> _Task description_:
Write out every line of the material as it stands, apart from the pictures.

> _Stored data_:
== == ==

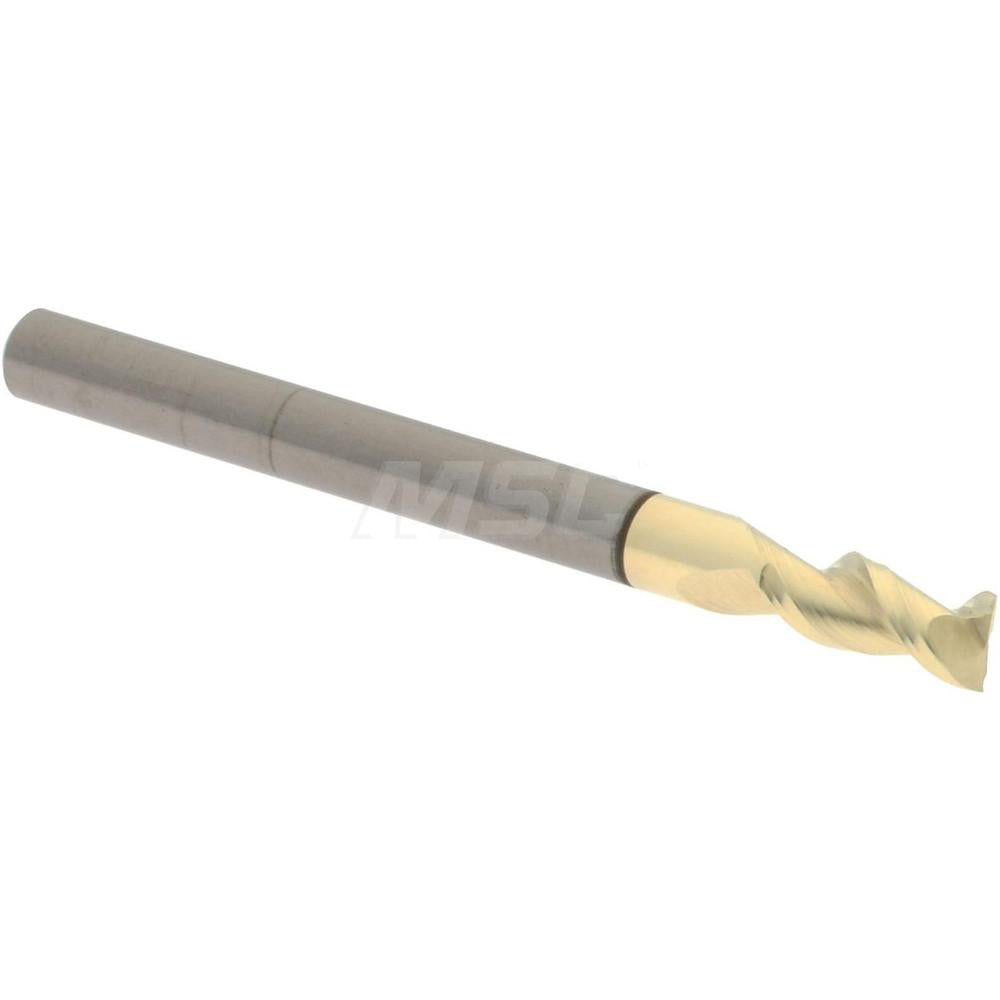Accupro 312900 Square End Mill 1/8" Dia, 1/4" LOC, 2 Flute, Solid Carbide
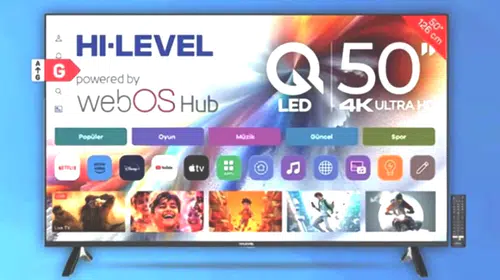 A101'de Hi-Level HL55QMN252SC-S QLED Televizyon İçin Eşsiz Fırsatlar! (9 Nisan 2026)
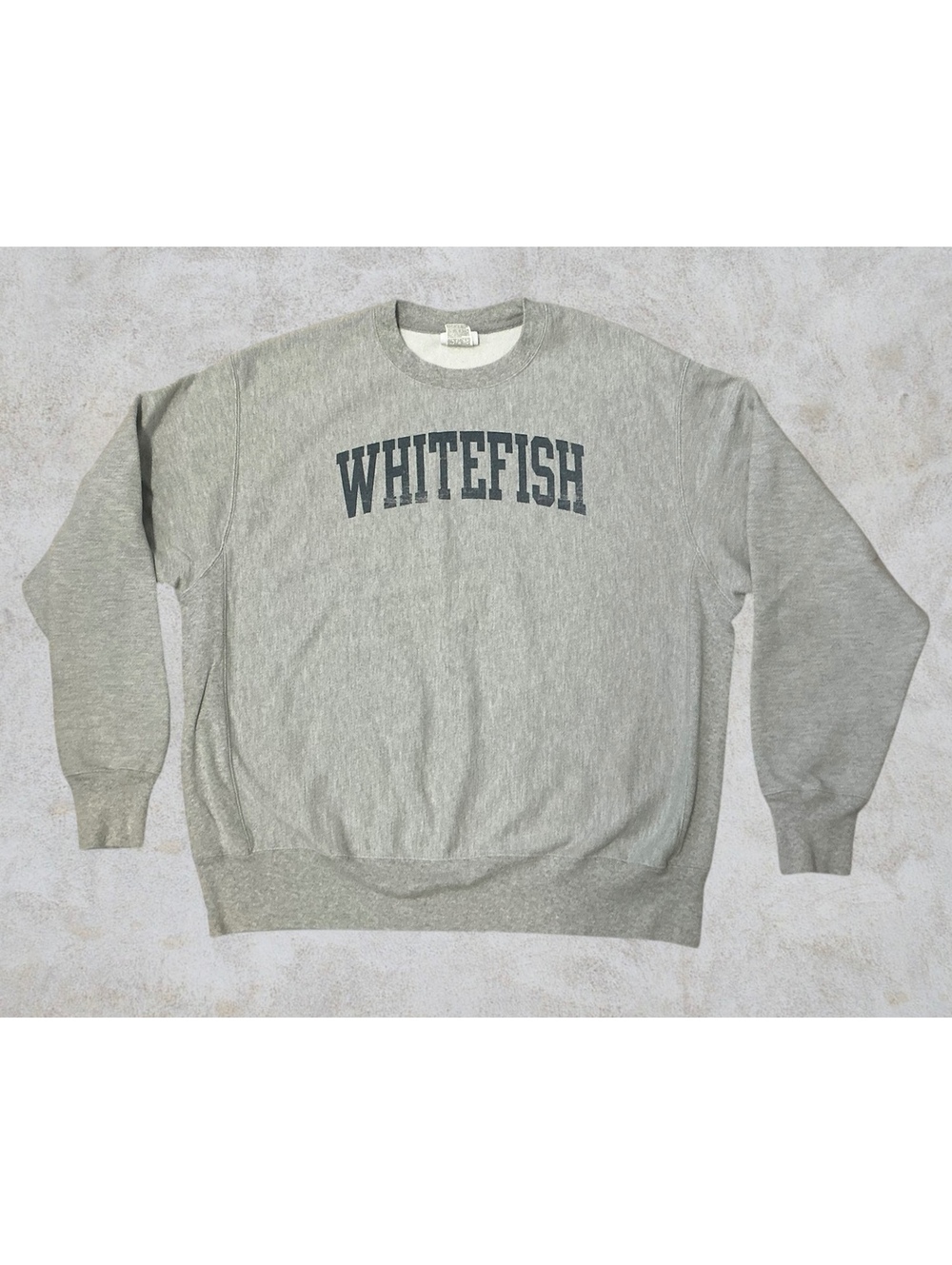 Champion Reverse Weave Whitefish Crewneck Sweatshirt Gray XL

== == ==

> _Problem solution_:
Accupro 312900 Square End Mill 1/8" Dia, 1/4" LOC, 2 Flute, Solid Carbide
 A101'de Hi-Level HL55QMN252SC-S QLED Televizyon İçin Eşsiz Fırsatlar! (9 Nisan 2026)
 Champion Reverse Weave Whitefish Crewneck Sweatshirt Gray XL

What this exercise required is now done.